El pasado 12 de marzo la voluntad mayoritaria de la comunidad universitaria fue contundente. Pese a la exclusión de las y los trabajadores no docentes, o de los antidemocráticos porcentajes otorgados a cada sector, estudiantes, docentes y egresados votaron masivamente por el programa a la rectoría de Leopoldo Múnera Ruiz, intelectual de reconocido compromiso con la defensa de la educación pública. Es la segunda vez que gana Múnera una consulta universitaria, pero esperemos que no sea la segunda vez que se le burla su derecho, bajo tinterilladas, vanidades y vetos políticos en el Consejo Superior Universitario.
De saludar que el presidente Petro manifestó su respaldo a la decisión mayoritaria del estudiantado, pero bajo la negativa tradición autoritaria de un CSU de espaldas a la comunidad universitaria se debe mantener la alerta para el respeto a la consulta e iniciar el rescate de la U.N. Flaco favor se le hace a la democracia universitaria que exrectores impuestos en desconocimiento de los estamentos sigan intentando administrar el claustro como su feudo quizás por el temor a que se desnuden sus pecados. Grave peligro que politiqueros de turno que representaban al gobierno Duque, sin relación alguna con la comunidad universitaria confundan la UN con el concejo de Soledad e intenten sabotear la definición de las mayorías. Más impresentable sería que los representantes de los estamentos -en contra de sus manifestaciones públicas- tuviesen la desfachatez de rechazar el mandato de sus electores con ambages a destiempo.
Esperemos que este jueves 21 de marzo el CSU de la UN esté a la altura de la democracia y la real autonomía, que en todo caso se hará sentir con la movilización de la comunidad universitaria. No obstante, la Nacional no es un caso aislado. Ni por su crisis, ni por la asechanza antidemocrática que se ha cernido sobre ella. La Universidad Tecnológica de Pereira, votó en noviembre pasado en contra de la monarquía del Clan Gaviria Trujillo- que ya enfila 10 años en la rectoría- pero a la fecha su CSU sigue desconociendo la decisión de la comunidad, entre otros por el férreo compadrazgo político entre el hermano del rector con el gobernador liberal Juan Diego Patiño y sus delegados. En la U de Antioquia no hubo garantías en la reelección amarrada de Jhon Jairo Arboleda, con el guiño del gobernador uribista Andrés Julián Rendón tan preocupado por las demoras en los grados y no por los recursos para la educación. En la UPN, la comunidad desde ya exige que no se repita la experiencia de la anterior consulta, donde el gobierno impidió que fuera nombrado rector el profesor Helbert Choachí, amplio ganador en las urnas.

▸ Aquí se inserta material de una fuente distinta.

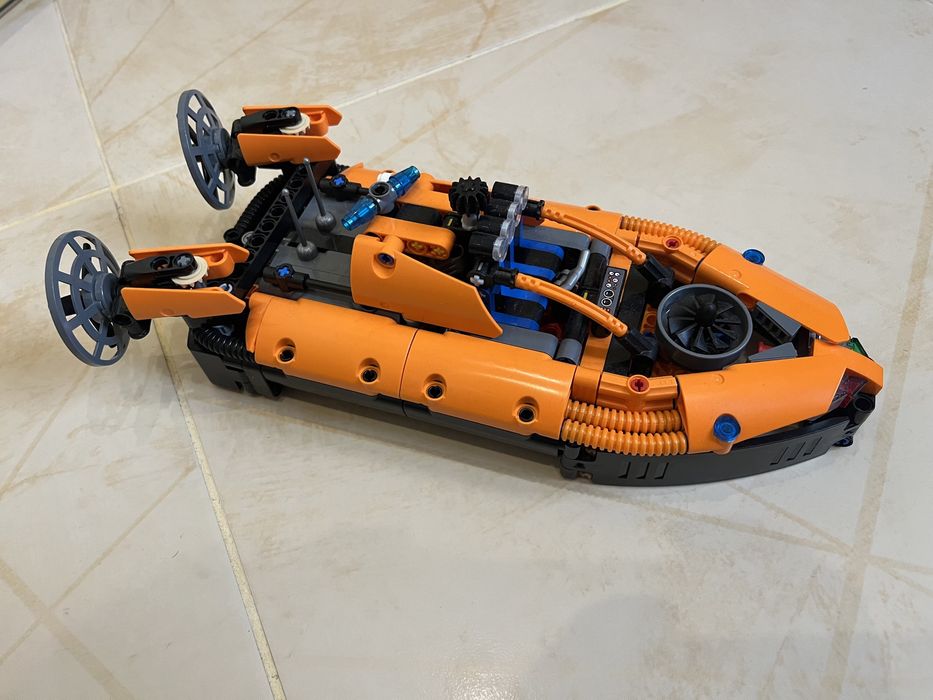 Lego Technic Рятувальне судно на повітряній подушці 42120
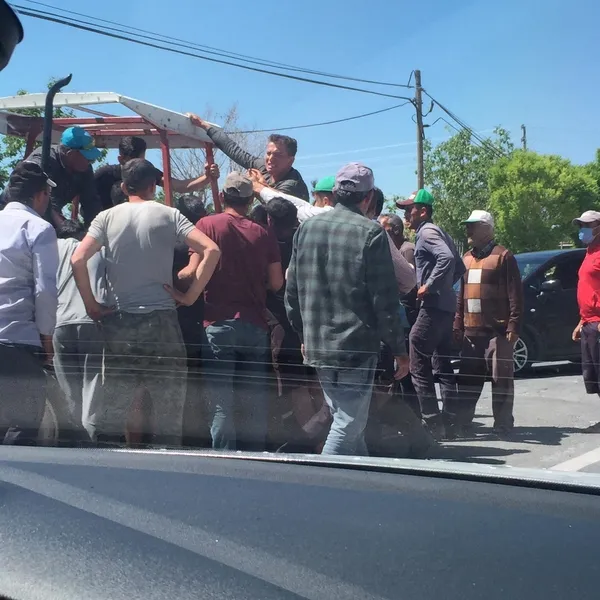 Traktöre ayağı sıkışan gencin yardımına vatandaşlar koştu - 1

De fondo queda la promesa gubernamental de tramitar una auténtica reforma a la educación superior que derogue la vetusta ley 30 de 1992 y que solo es conquistable con la participación democrática de la comunidad universitaria. Un gran primer paso sería el respeto a la decisión mayoritaria en estas instituciones, comprometiendo a las entrantes administraciones para debatir y posicionar desde abajo esta reforma en un movimiento constituyente universitario. Que no se extinga el grito de libertad de las aulas, en un grito de agonía.